In deze zaak heeft de Rechtbank Gelderland op 16 februari 2024 uitspraak gedaan in een geschil tussen ouders over de zorgregeling en kinderalimentatie voor hun minderjarige kinderen. De moeder verzocht de rechtbank om de inhoud van het ouderschapsplan vast te leggen in de beschikking en om de vader te verplichten tot betaling van kinderalimentatie van € 208,50 per kind per maand. De vader daarentegen verzocht om de alimentatie op nihil te stellen of te verlagen naar € 25 per kind per maand, en om de zorgregeling te wijzigen.
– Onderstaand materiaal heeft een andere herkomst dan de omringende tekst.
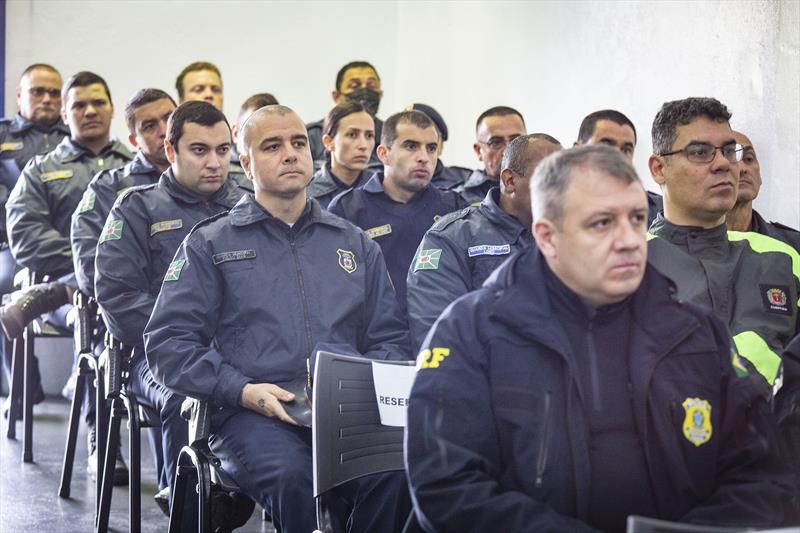 Prefeitura de Curitiba firma convênio com Polícia Rodoviária Federal para trecho da Linha Verde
De rechtbank overwoog dat de ouders in hun ouderschapsplan afspraken hadden gemaakt over de zorgregeling, maar dat de verhuizing van de vader naar een andere woonplaats de uitvoering van deze regeling bemoeilijkte. De rechtbank oordeelde dat de ouders eerst met een mediator om tafel moesten gaan om tot nieuwe afspraken te komen, voordat zij hun verzoeken bij de rechtbank konden indienen. De rechtbank wees de verzoeken van de moeder af en stelde de kinderalimentatie vast op € 25 per kind per maand, met als ingangsdatum 8 december 2023. De rechtbank benadrukte dat de vader zijn alimentatieverplichtingen niet zomaar kan ontlopen en dat de moeder onvoldoende onderbouwing had gegeven voor haar verzoek om een hoger bedrag.
De rechtbank compenseerde de proceskosten tussen de ouders, zodat ieder zijn eigen kosten draagt. Deze beschikking is openbaar uitgesproken door mr. G. Hilberink, kinderrechter, en is uitvoerbaar bij voorraad. De ouders zijn in de gelegenheid om binnen drie maanden hoger beroep aan te tekenen.